両国とも、北朝鮮からロシアへの武器の供与は否定しているが、昨年6月、ロ朝はどちらか一方が戦争状態になった際、軍事的な援助を提供することなどを明記した「包括的戦略パートナーシップ条約」を交わしている。同月、ロシアのプーチン大統領が24年ぶりに北朝鮮を訪れた際、北朝鮮のキム・ジョンウン(金正恩)総書記との間でこれに署名した。ロシアが北朝鮮とこの条約を締結した背景には、ウクライナへの軍事侵攻が長期化する中、条約によって北朝鮮との軍事協力を拡大させたい思惑があったとみられている。

MSMTの報告書は、北朝鮮が兵士をロシアに派遣し、ウクライナ侵攻を支援しているとも指摘した。北朝鮮兵のロシア派兵については、昨年10月頃から世界のメディアで報道されたが、ロシア政府は当初これを否定。しかし、今年4月、北朝鮮軍兵士がロシアに派兵され、クルスク州の奪還作戦に参加していることを初めて認めた。ロシア軍のゲラシモフ参謀総長は当時、プーチン大統領とのテレビ会議の中で「北朝鮮軍がクルスク州の解放に貢献し、高い専門性と勇気を示した」と評価した。北朝鮮も同月、兵士が金総書記の命令でロシアに送られ、ウクライナとの戦闘に参加していることを認めた。当時の北朝鮮の朝鮮中央通信は、北朝鮮兵のクルスク州での戦闘に際し、金総書記は「祖国の名誉の代表者たち」と特別に強調したと伝えた。
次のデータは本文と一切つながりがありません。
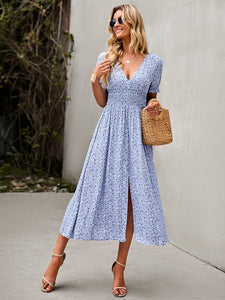 Summer New Fashion Short Sleeve Commuting Bohemian Leisure Vacation Sexy Long Skirt Big Swing Skirt A-LINE Mid-Calf Woman Dress
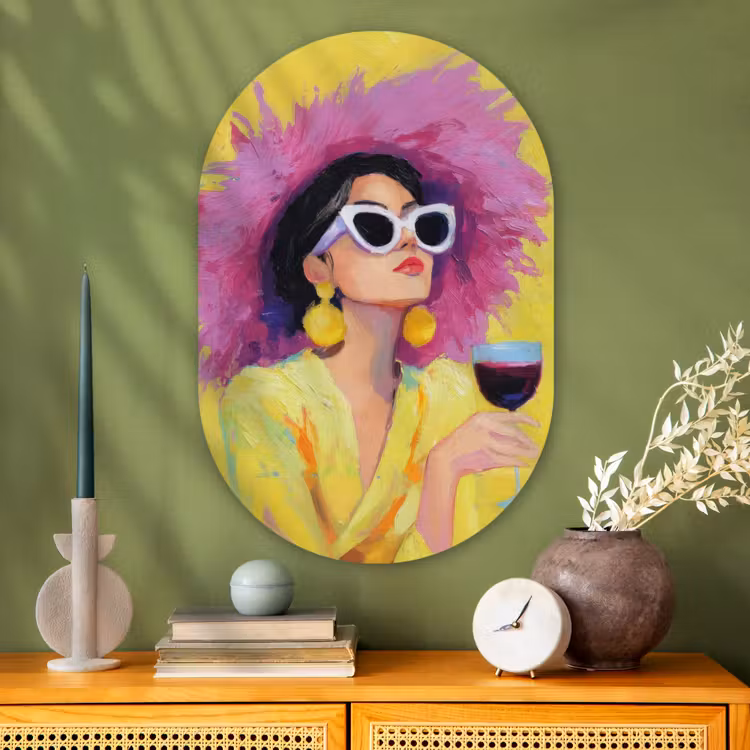 Muurovaal - Glas - Vrouw - Hoed - Paars - Wijn — 2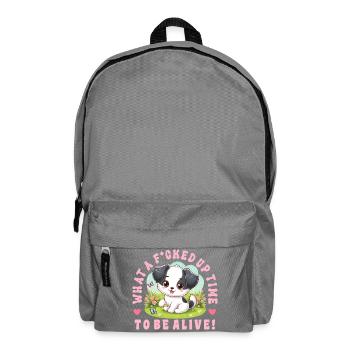 Funny Black Humor Dogs Design - Backpack - elephant grey - Front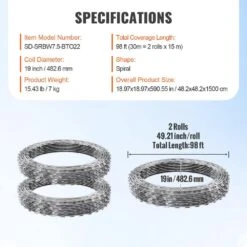 Razor Wire, 98 Ft. Galvanized Razor Barbed Wire, 2-Rolls Razor Fencing For Garden, Razor Ribbon Wire For Security -Dewalt Tools Shop silver svopes garden fencing jsswdpcs98ych9zjjv0 1119 76 1000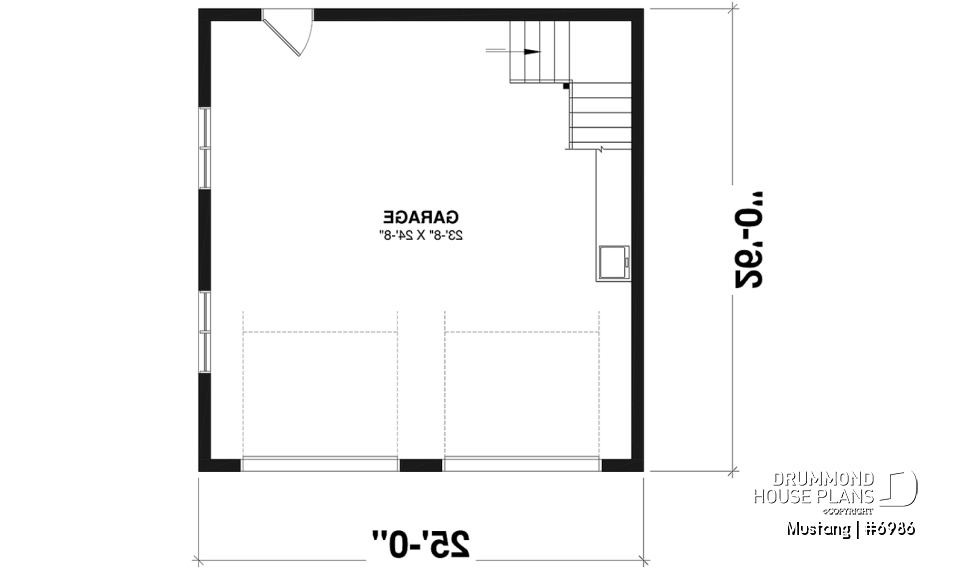 1st level - Two-car garage plan, country style, storage area on second floor - Mustang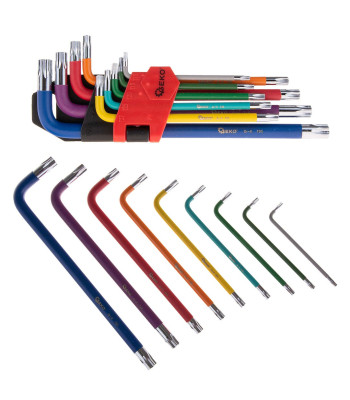 Spalvotų Torx raktų rinkinys, 9 vnt., CrV (6/48), T10–T50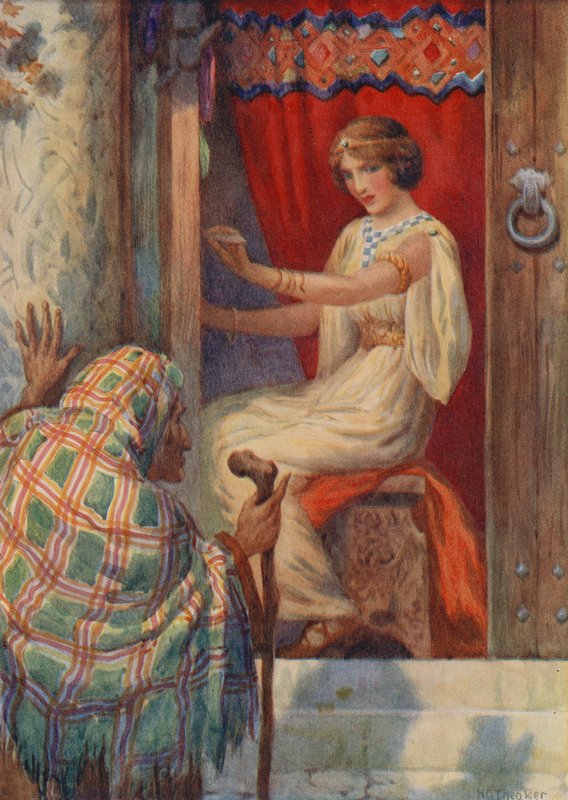 Drottning Frigga och Beldame, från "Baldur den älskade" (färglitografi) av Harry George Theaker
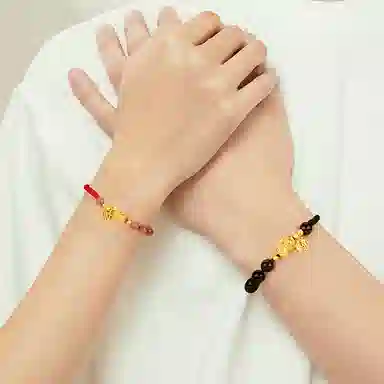 中国黄金 珍·尚银 福泽招财貔貅吞金兽 轻奢小众设计新中式手编绳 本命年 足银 手链 男女同款情侣款 礼盒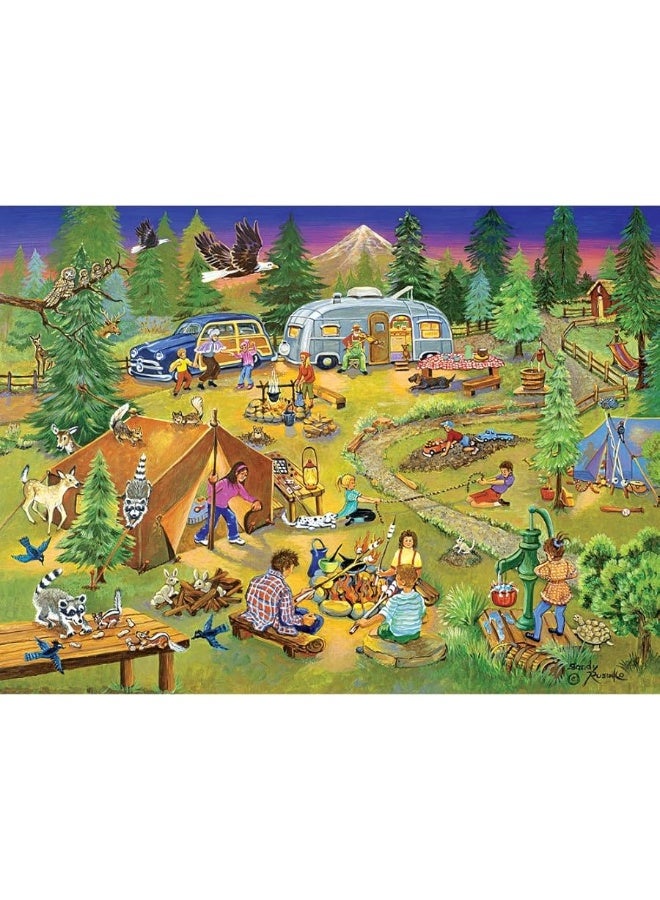 Bits and Pieces  1000 Piece Jigsaw Puzzle for Adults  Camping with Grandma and Gramps  1000 pc Americana Scene Jigsaw by Artist Sandy Rusinko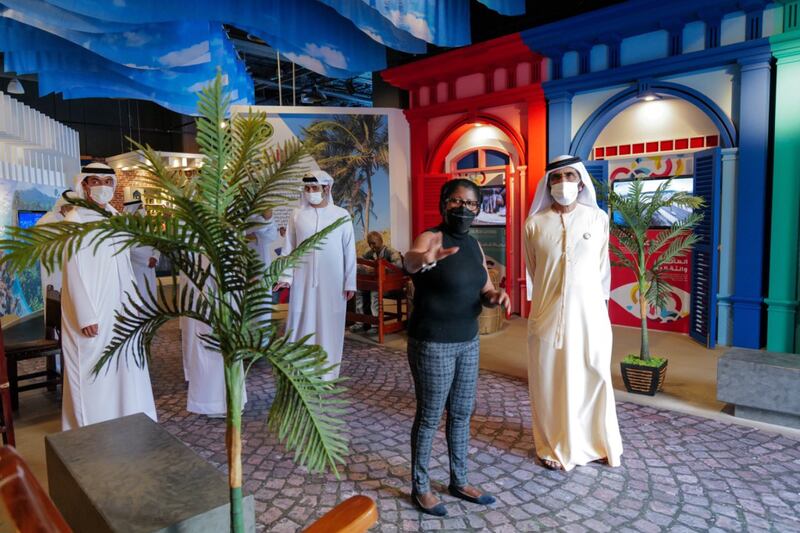 Sheikh Mohammed bin Rashid, Vice President and Ruler of Dubai, tours the Cuba pavilion in the Sustainability District at Expo Dubai 2020. Photos: Dubai Media Office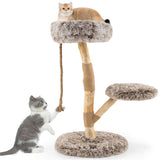 3-Level Natural Pear Wood Cat Tree - 19.5"x35.5", Jute Scratching Posts, Long Plush 10303991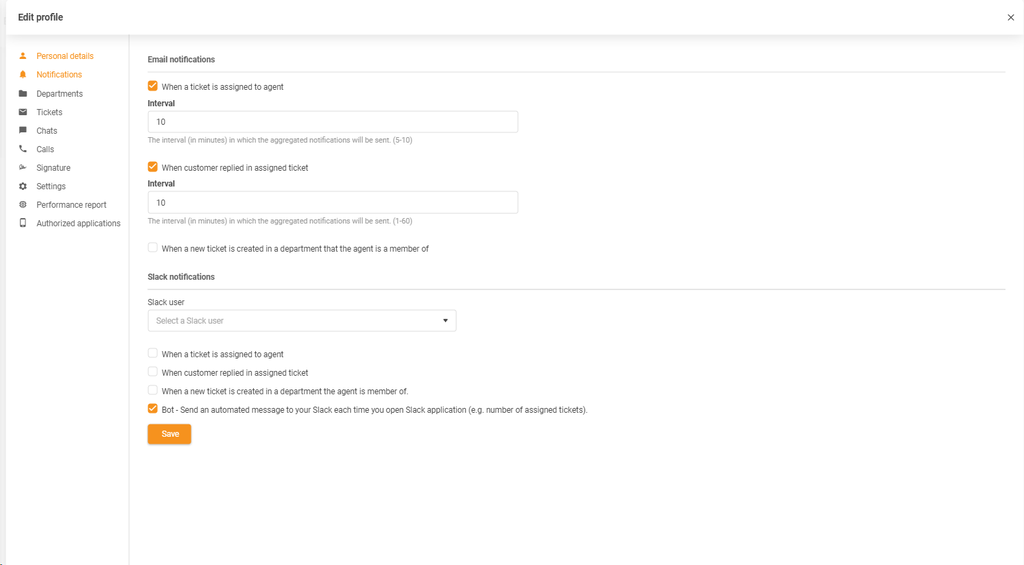 Email notifications settings in LiveAgent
今回、MSMTが初めて公開した報告書について、韓国外交部(外務省に相当)は「これまで推測と状況だけで伝えられてきた北の武器移転の内幕を具体的に明らかにしたという点で意味がある」と評価。「北とロシアの軍事協力の違法性と不当性に対して国際社会の注意を喚起し、警戒心を呼び起こすことに寄与するだろう」とした。
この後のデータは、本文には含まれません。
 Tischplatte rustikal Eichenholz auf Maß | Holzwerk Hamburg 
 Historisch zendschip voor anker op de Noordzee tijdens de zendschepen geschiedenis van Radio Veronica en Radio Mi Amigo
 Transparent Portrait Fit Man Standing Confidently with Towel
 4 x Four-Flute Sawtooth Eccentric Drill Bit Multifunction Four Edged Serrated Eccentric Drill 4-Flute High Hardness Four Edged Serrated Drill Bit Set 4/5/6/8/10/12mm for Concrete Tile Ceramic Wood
報告書はMSMT参加国が提供した情報を基に作成され、英国に拠点を置く非営利団体のオープン・ソース・センター、同国の調査団体、紛争兵器研究所から寄せられた証拠も一部引用された。

一方、北朝鮮の朝鮮中央通信は2日、外務省対外対策室長が談話を発表し、MSMTについて、「存在の名分と目的においていかなる違法性もない幽霊集団だ」と非難したと報じた。また、室長はロシアとの軍事協力について、個別的・集団的自衛権を規定した国連憲章第51条と、ロ朝間で交わした前述の包括的戦略パートナーシップ条約を挙げ「合法的な主権の行使だ」と強調した。